Pour un site-web marchand, c’est communiquer sur les promotions qui permet d’attirer le plus d’internautes en provenance des newsletters. C’est logique et c’est une réalité-statistique : les conseils-produits n'intéressent pas particulièrement les clients d’une boutique en ligne.

6/ Multiplier les boutons cliquables dans le contenu des newsletters

C’est une règle-statistique inébranlable (mais souvent oubliée) sur internet : plus les boutons cliquables sont nombreux et volumineux, plus le taux de clic est important.
Pour attirer plus d’internautes en provenance des messages-newsletters, il convient de multiplier les boutons et les visuels-produits cliquables menant à la boutique en ligne. On peut même imaginer des newsletters presque entièrement cliquables (logo, visuels-produits, haut de page, fond, bordure, pied de page...).

7/ Choisir des couleurs pertinentes pour le contenu des newsletters

En publicité, il existe un code-couleur. Chaque couleur a une symbolique et exprime un message (partagé plus ou moins inconsciemment par l’ensemble de la population).
Ainsi, le jaune et le rouge sont liés à l’action et aux alertes : les boutons jaunes orangés sont statistiquement les plus cliqués dans les pages-web. Dans une newsletter, ils peuvent servir à augmenter significativement le taux de clic sur des visuels-produits. De plus, des bordures jaunes ou rouges pourraient aider à éveiller l’attention des lecteurs. Mais attention à ne pas abuser : le rouge et le jaune doivent en général s’utiliser par “petites touches” pour ne pas heurter (les messages d’alertes éveillent l’attention mais trop d’alerte fait fuir).

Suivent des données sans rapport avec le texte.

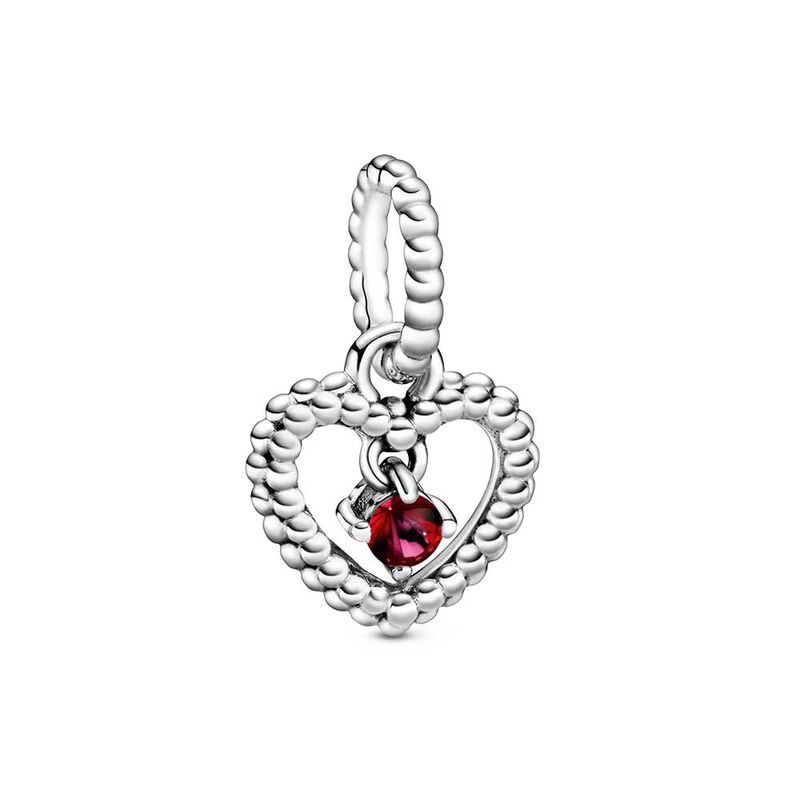 Pandora Blazing Red Crystal Beaded Heart Dangle Charm image number 1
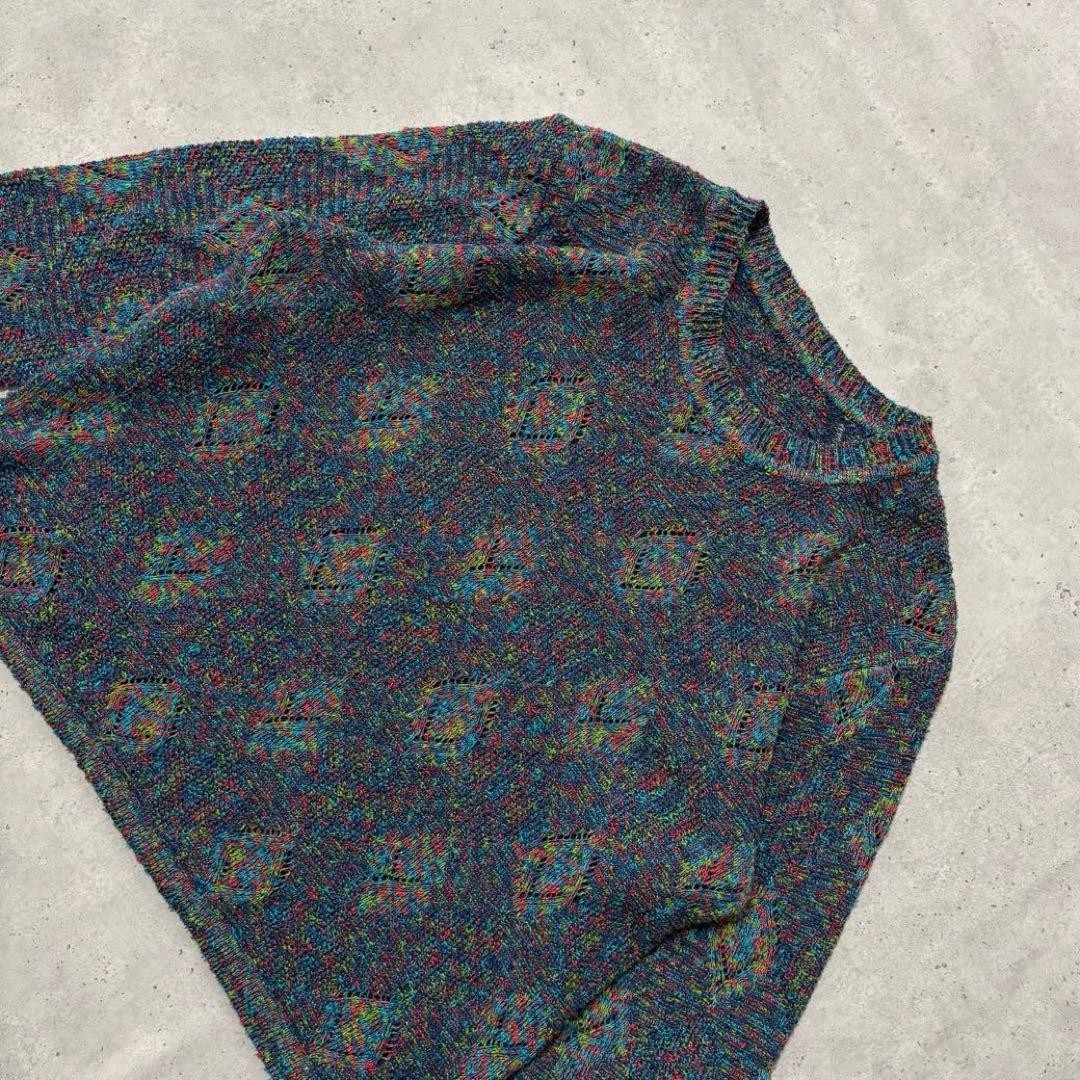 One-of-a-kind all-oer pattern retro knit sweater mix color short length thin gallery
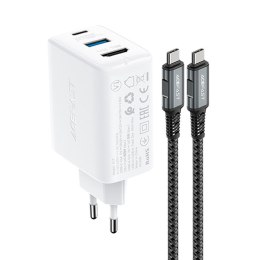 2w1 Ładowarka sieciowa z kablem USB-C + przejściówka adapter USB-C - HDMI 4K biały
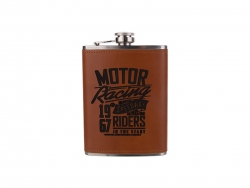 8oz Stainless Steel Flask with PU Cover (Chestnut)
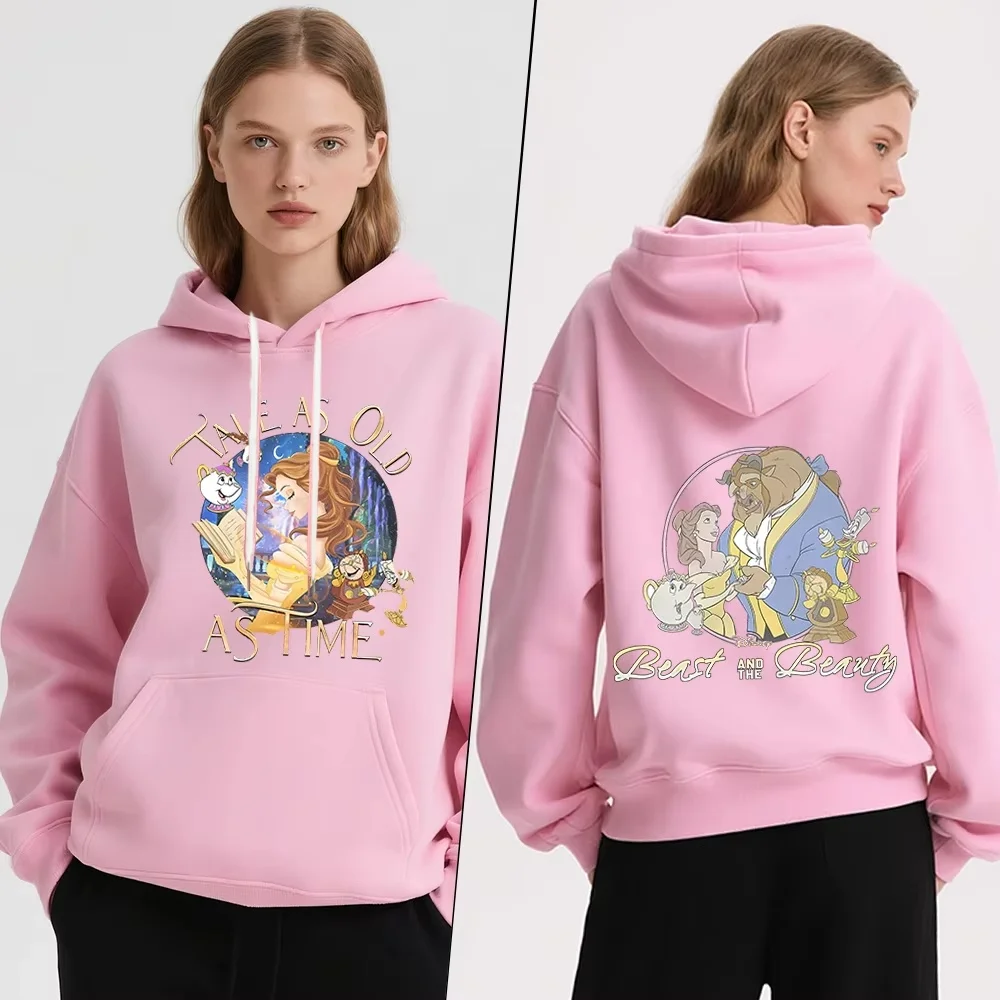 Disney Beauty and The Beast Printed Women Hooded Sweatshirt Winter  Lined Cozy Warm Pullover Soft Casual Comfortable Wear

8/ Choisir des mots accrocheurs pour le titre des newsletters

Dans le titre des mails envoyés, certains mots semblent capables d’attirer l’attention des lecteurs. Dans l’échantillon-statistique étudié pour rédiger cet article, les newsletters les plus lues par les abonnés contenaient les mots suivants dans leur titre :
- anniversaire,
- exceptionnel,
- folie,
- fête,
- soldes.
Selon le secteur d’activité, les mots-clés porteurs seront bien évidemment différents.

9/ Certifier les e-mails envoyés pour éviter qu’ils soient perçus comme des spams

Un mail certifié diminue fortement les risques qu’il soit perçu comme un message polluant par les logiciels antispam :
- il n'atterrit pas dans l’espace spam des boîtes-mails,
- les images s’affichent sans qu’il y est besoin de cliquer sur “Autoriser l’expéditeur”.
Pour certifier les mails envoyés, il existe des solutions techniques qui impliquent de modifier la configuration :
- du nom de domaine,
- du serveur smtp d’envoi de mail (voire du client de messagerie si modifier la configuration-serveur est impossible).
Le recours à un professionnel est souvent nécessaire : dans le détail, il convient que le professionnel installe avec succès les certifications DKIM et SPF.

10/ L’expéditeur de la newsletter et le serveur smtp d’envoi de mails doivent avoir le même nom de domaine

Quand un internaute envoie un mail en indiquant exemple@free.fr comme expéditeur, il utilise le serveur smtp d’envoi de Free (nommé smtp.free.fr) : c’est techniquement logique.
Les newsletters doivent respecter la même logique technique : si l’expéditeur est newsletter@votrenom.com, le serveur d’envoi doit être nommé smtp.votrenom.com
Cette astuce diminue considérablement les risques que les newsletters soient perçues comme des messages-spams : le taux d’ouverture est grandement amélioré.